METHODS: We reviewed medical records of patients admitted to Mbarara Regional Referral Hospital in Southwestern Uganda with severe sepsis defined by the presence of infection plus ≥ 2 of the systemic inflammatory response syndrome criteria, and ≥ 1 organ dysfunction (altered mental state, hypotension, jaundice, or thrombocytopenia). We recorded frequency of vital signs monitoring in addition to socio-demographic, clinical, and outcome data. We analyzed the data using logistic regression.
RESULTS: We identified 202 patients with severe sepsis. The median age was 35 years (IQR, 25-47) and 98 (48%) were female. HIV infection and anemia was present in 115 (57%) and 83 (41%) patients respectively. There were 67 (33%) in-hospital deaths. The median monitoring frequency per day was 1.1 (IQR 0.9-1.5) for blood pressure, 1.0 (IQR, 0.8-1.3) for temperature and pulse, and 0.5 (IQR, 0.3-1.0) for respiratory rate. The frequency of vital signs monitoring decreased during the course of hospitalization. Patients who died had a higher frequency of vital signs monitoring (p<0.05). The admission respiratory rate was associated with both frequency of monitoring (coefficient of linear regression 0.6, 95% CI 0.5-0.8, p<0.001) and mortality (AOR 2.5, 95% CI 1.3-5.3, p = 0.01). Other predictors of mortality included severity of illness, HIV infection, and anemia (p<0.05).
CONCLUSIONS: More research is needed to determine the optimal frequency of vital signs monitoring for severely septic patients in resource-limited settings such as Uganda.

Introduction

Severe sepsis is a serious illness that occurs when infection leads to organ failure and frequently causes death, especially if it is not rapidly recognized and treated [1]. Application of recent guidelines that emphasize early goal-directed resuscitation, prompt antibiotic administration, oxygen therapy, inotropic medications, and blood transfusion can reduce mortality in resource-rich settings [2], [3]. Modifications have been recommended for resource-limited settings, such as sub-Saharan Africa (SSA), which shoulder the largest burden of sepsis, but their applicability has been questioned [4]–[6]. Close monitoring of patients with severe sepsis may improve outcomes by identifying patients at risk of deterioration which can lead to appropriate interventions [1], [3], [7], [8].

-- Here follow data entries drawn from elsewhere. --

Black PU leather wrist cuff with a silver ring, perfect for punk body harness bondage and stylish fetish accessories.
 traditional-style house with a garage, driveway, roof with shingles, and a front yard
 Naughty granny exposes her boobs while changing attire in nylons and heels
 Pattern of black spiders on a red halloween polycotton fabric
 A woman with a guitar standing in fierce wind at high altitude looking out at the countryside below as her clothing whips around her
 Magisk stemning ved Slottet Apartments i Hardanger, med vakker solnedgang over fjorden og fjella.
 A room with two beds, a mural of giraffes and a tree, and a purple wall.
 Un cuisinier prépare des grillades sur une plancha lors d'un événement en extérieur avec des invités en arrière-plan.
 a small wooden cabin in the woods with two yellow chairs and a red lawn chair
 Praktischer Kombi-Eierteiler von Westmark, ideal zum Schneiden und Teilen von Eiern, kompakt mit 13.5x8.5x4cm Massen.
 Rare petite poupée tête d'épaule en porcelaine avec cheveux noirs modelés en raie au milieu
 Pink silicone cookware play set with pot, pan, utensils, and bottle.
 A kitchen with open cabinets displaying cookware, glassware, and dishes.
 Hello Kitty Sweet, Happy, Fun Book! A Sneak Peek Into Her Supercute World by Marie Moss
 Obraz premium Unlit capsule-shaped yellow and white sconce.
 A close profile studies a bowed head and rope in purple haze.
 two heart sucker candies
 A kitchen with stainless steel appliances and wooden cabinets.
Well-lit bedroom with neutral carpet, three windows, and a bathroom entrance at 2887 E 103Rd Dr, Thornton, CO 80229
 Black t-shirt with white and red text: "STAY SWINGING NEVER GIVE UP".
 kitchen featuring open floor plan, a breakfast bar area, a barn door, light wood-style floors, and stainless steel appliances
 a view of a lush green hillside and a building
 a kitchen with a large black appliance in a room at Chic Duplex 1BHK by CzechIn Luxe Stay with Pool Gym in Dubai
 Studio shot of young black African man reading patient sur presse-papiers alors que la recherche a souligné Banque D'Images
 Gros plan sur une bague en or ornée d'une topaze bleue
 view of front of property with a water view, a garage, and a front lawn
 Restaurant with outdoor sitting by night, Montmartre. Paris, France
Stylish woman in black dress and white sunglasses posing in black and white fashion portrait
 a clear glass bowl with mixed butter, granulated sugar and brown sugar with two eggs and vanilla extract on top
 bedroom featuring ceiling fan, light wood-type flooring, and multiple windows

The surviving sepsis campaign's international guidelines for management of sepsis do not make specific recommendations on the frequency of vital signs monitoring [1]. However, in resource-rich settings, management of severe sepsis usually takes place in emergency departments or intensive care units where continuous monitoring is possible [9]. The initial management should be goal-directed and iterative, hence frequent monitoring is necessary to meet pre-set targets [1], [3]. In contrast, in resource-limited settings, severely septic patients are typically managed on general wards [7], [10]–[12]. For patients with severe sepsis, the Integrated Management of Adolescent and Adult Illness (IMAI) guidelines for district hospitals in resource-limited settings created by the World Health Organization (WHO) recommend administration of antibiotics in the first hour along with monitoring blood pressure (BP), pulse, and respiratory rate every 30 minutes to hourly in the first 6 hours of admission, and hourly to every 2 hours thereafter for the next 24 hours [13], [14]. Additionally, temperature should be measured every 6 hours. After the first 24 hours, vital signs monitoring in the post-resuscitation period is recommended 1 to 3 times daily.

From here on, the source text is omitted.